O. A. J’ai déménagé à Los Angeles quand j’allais avoir 22 ans, il y a trois ans environ. J’avais déjà quitté le domicile familial et vécu chez trois ou quatre amis dans l’Indiana, dans un sous-sol, dans un grenier. Je composais de la musique dans toute sorte de logements, vagabondant de l’un à l’autre. Ce que je voulais, c’était continuer la musique. Ma famille était contre au début, on me disait : “Tu ferais mieux de faire des études”. Je n’avais pas l’intention de leur dire que je comptais devenir chanteur, mais ils m’ont demandé ce que je voulais faire, alors je n’ai pas menti. J’ai quand même essayé la fac, c’était l’enfer, j’ai tenu deux semaines ! De toute façon, je m’étais inscrit à quatre ou cinq programmes d’études générales et un seul m’a accepté, j’ai pris ça comme un signe ! Aujourd’hui, ils sont vraiment fiers de moi. Récemment, j’ai eu une affiche dans ma ville natale, ils m’ont envoyé des photos, ils posaient devant.

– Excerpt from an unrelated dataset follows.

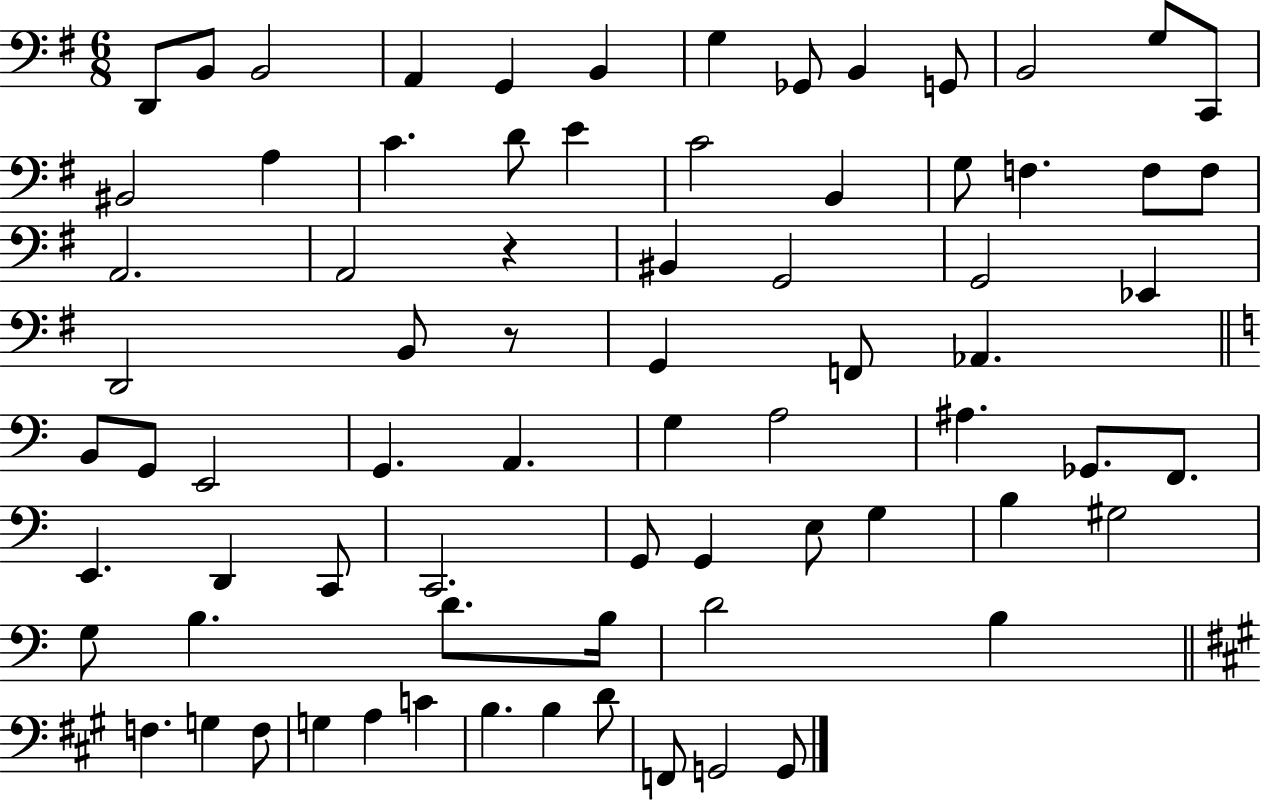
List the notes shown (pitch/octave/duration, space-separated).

D2/e B2/e B2/h A2/q G2/q B2/q G3/q Gb2/e B2/q G2/e B2/h G3/e C2/e BIS2/h A3/q C4/q. D4/e E4/q C4/h B2/q G3/e F3/q. F3/e F3/e A2/h. A2/h R/q BIS2/q G2/h G2/h Eb2/q D2/h B2/e R/e G2/q F2/e Ab2/q. B2/e G2/e E2/h G2/q. A2/q. G3/q A3/h A#3/q. Gb2/e. F2/e. E2/q. D2/q C2/e C2/h. G2/e G2/q E3/e G3/q B3/q G#3/h G3/e B3/q. D4/e. B3/s D4/h B3/q F3/q. G3/q F3/e G3/q A3/q C4/q B3/q. B3/q D4/e F2/e G2/h G2/e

M. Ta carrière musicale a vite décollé…
O. A. Le fait est que j’ai toujours voulu chanter. Quand j’avais 16 ans, je m’enregistrais à l’iPad toute la journée, j’essayais de progresser. J’avais tenté plein d’autres choses avant : je dansais donc je voulais devenir danseur, j’ai aussi voulu dessiner, puis être chorégraphe. La musique, c’est le seul truc qui a marché ! Je me suis dit OK partons là-dessus. Mais maintenant, je pense que mon désir de poursuivre cette carrière est bien plus fort qu’auparavant. Au début, j’y allais un peu en me disant : “On verra bien”. D’abord, il y avait juste dix personnes à mes premiers concerts, puis trente et rapidement des centaines. En moins d’un an, je jouais devant 1 200 spectateurs. C’était parti, je n’étais plus jamais chez moi, mais sur les routes en tournée. Ça me rend heureux : je peux faire et chanter ce que je veux, m’occuper de ma famille. J’y mets toute mon énergie, parce qu’il est impossible d’obtenir quelque chose de viable sans travail.

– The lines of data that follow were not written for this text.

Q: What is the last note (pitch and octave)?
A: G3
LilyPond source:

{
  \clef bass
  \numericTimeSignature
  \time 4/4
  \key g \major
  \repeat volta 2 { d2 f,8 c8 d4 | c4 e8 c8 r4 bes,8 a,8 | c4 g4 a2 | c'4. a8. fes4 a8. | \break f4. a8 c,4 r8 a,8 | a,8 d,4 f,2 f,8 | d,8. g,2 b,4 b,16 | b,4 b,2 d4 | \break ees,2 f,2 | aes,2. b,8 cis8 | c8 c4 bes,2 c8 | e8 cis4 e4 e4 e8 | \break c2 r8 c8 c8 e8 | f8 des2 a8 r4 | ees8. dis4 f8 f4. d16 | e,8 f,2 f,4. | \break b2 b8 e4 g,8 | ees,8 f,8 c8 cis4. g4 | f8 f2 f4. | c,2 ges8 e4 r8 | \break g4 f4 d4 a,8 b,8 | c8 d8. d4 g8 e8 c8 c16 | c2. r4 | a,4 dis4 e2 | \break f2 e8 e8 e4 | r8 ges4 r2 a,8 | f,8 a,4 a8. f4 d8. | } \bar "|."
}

Blouson en cuir vernis à broderie cannage, pantalon en coton et laine, Chaussures en cuir avec bijou en strass en laiton gravé et verre, Dior Men. Boucles d’oreilles, Personnel.
Blouson en peau retournée, pantalon en coton et laine, Collier « cd étoile » en laiton finition argentée et pierre de marbre, Dior Men. Boucles d’oreilles et collier, Personnel.

M. Tu as dit récemment vouloir des enfants. Avec ton rythme professionnel effréné, tu envisages ça pour quand ?
O. A.
À 36 ans. J’en veux quatre, pas plus. Bon, je pourrai me résoudre à moins, mais c’est sûr que je veux des enfants. Il faudrait que je trouve la personne avec qui les élever. J’aimerais vraiment, mais je ne crois pas au mariage. Je comprends qu’au moment d’avoir des enfants, s’appartenir l’un l’autre puisse apporter de la sécurité, mais dans la réalité, au bout de vingt ans, peut-être même dix, qu’en sera-t-il ? Peut-être qu’un jour quelqu’un m’inspirera le désir de me marier. Mon premier amour, quand j’avais 15 ans, aurait pu être cette personne… C’est super quand les gens se marient, mais vraiment je n’arrive pas à me projeter, peut-être par peur de m’engager. Si j’ai des enfants, je serai peut-être content d’avoir quelqu’un qui reste jusqu’à ce qu’ils aient 18 ans… Mais je ne suis vraiment pas sûr. Pas pour l’instant en tout cas.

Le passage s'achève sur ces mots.